=== Description of the task ===
Only an exact copy of the records, from the line with "New Pattern factory" through the last line, is wanted.

=== Data provided ===
------------------------------------------------------------------------
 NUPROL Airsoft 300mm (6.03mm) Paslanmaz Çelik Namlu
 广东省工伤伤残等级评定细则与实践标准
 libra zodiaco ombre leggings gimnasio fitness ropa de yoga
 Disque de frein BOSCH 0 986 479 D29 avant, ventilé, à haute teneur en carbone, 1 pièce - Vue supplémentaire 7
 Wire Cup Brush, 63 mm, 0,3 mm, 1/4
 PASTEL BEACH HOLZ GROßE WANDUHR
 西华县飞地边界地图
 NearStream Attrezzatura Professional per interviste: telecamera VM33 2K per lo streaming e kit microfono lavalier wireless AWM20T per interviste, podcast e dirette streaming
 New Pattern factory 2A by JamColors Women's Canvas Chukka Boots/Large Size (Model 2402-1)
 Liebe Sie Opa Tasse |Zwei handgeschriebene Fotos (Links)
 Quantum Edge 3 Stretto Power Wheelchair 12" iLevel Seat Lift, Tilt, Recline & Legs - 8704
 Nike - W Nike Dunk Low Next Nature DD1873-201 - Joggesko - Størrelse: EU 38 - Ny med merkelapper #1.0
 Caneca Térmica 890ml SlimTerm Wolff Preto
------------------------------------------------------------------------
=== Solution for this problem ===
 New Pattern factory 2A by JamColors Women's Canvas Chukka Boots/Large Size (Model 2402-1)
 Liebe Sie Opa Tasse |Zwei handgeschriebene Fotos (Links)
 Quantum Edge 3 Stretto Power Wheelchair 12" iLevel Seat Lift, Tilt, Recline & Legs - 8704
 Nike - W Nike Dunk Low Next Nature DD1873-201 - Joggesko - Størrelse: EU 38 - Ny med merkelapper #1.0
 Caneca Térmica 890ml SlimTerm Wolff Preto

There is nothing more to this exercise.